Retention of your personal data
Your personal data will be stored securely and confidentially. We will retain your personal data only for the period that is proportionate for us to do so in relation to the purposes of the processing. The precise period will depend on the purpose for which we hold your information. Further, as a regulated institution, there are laws and regulations that apply to us which set minimum periods for data retention. The criteria that we use to determine how long we keep your PI include:
- A legal or regulatory obligation (We will keep the information for at least as long as is required to comply with that obligation)
- To provide a product or service (we will keep the information for at least as long as we provide the product or service, and for a number of years after expiration of the policy for the handling of any potential related claims)

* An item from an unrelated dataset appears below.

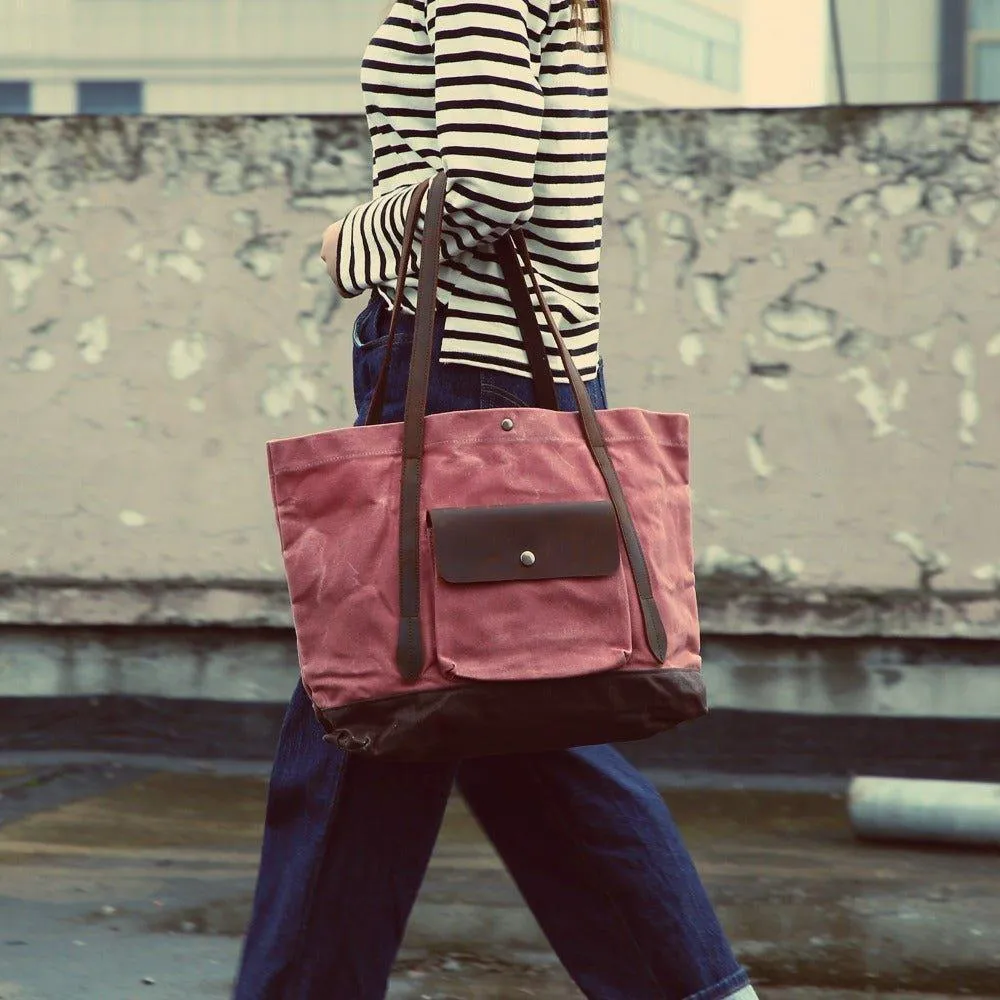 Woosir Oversized Waxed Canvas Tote Bag with Pocket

- The circumstances, nature, or the type of product or service provided to you
- The circumstances, nature, or type of relationship we have with you
- To respond to any queries or concerns that may be raised later (e.g. with respect to the handling of a policy or claim)

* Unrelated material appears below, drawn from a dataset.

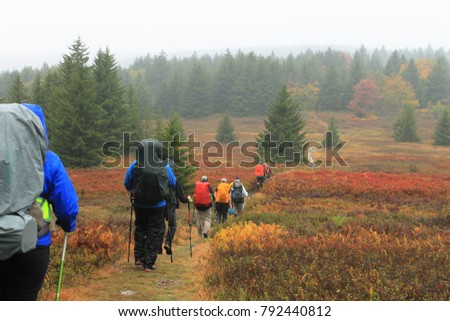 Fall hiking in Dolly Sods Wilderness, West Virginia.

For further information about the data retention period for which we retain your Personal Information, please contact our Data Protection Officer, Marcus Browne at Global Aerospace, Fitzwilliam House, 10 St. Mary Axe, London EC3A 8EQ, email: mbrowne@global-aero.com.
International transfers
Should we need or decide to transfer your personal data to a country which is outside of the EEA and UK and does not have an EU adequacy decision, we will do so using approved contractual clauses which protect your rights. If you would like more details of these clauses, please contact our Data Protection Officer, Marcus Browne at Global Aerospace, Fitzwilliam House, 10 St. Mary Axe, London EC3A 8EQ, email: mbrowne@global-aero.com.
Your rights
Under the GDPR, you have the following rights in relation to our processing of your personal data:
- the right to obtain confirmation as to whether we process your personal data
- the right to request access to your personal data
- the right to rectify your personal data if you believe it to be inaccurate
- in any specific case where we have obtained your consent for the purposes of the processing, the right to withdraw such consent, without affecting the lawfulness of processing before such withdrawal
- the right to request that we delete your data, or stop processing it or collecting it, in some circumstances
- in certain cases, the right to the transfer your personal data to another data controller providing similar products (“data portability”)

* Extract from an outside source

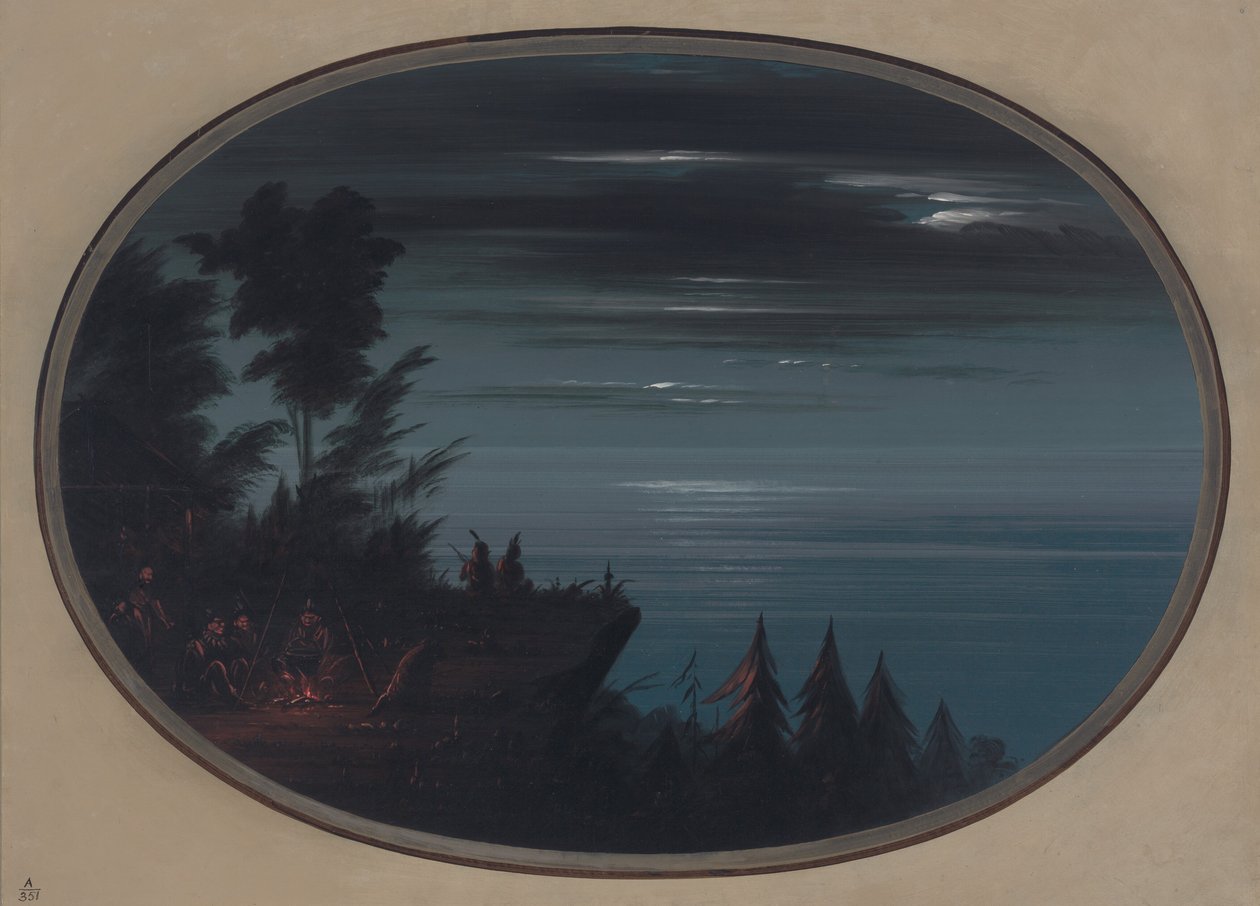 Village de Nayas la nuit - George Catlin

- the right to lodge a complaint with your local data protection regulator
Contact details
Should you have any questions regarding our processing of your personal data please direct them, in the first instance to:
The Data Protection Officer, Marcus Browne at Global Aerospace, Fitzwilliam House, 10 St. Mary Axe, London EC3A 8EQ at mbrowne@global-aero.com.
If you are not satisfied with our use of your personal data or with any of our responses to you in exercising your rights, or if you think we have breached the GDPR, you have the right to complain in the UK to the Information Commissioner’s Office, (ICO):
Information Commissioner’s Office
Wycliffe House, Water Lane, Wilmslow, Cheshire, SK9 5AF
Telephone: 0303 123 1113 Email: casework@ico.org.uk
If you are located in an EEA country your local data protection regulator can be found here.
*Personal Data means*…any information relating to an identified or identifiable natural person… such as a name, an identification number, location data, an online identifier or to one or more factors specific to the physical, physiological, genetic, mental, economic, cultural, or social identity of that natural person.”
*Process* means any operation we perform on Personal Data, such as collection, organizing, storing, updating, using, disclosing, and erasing it.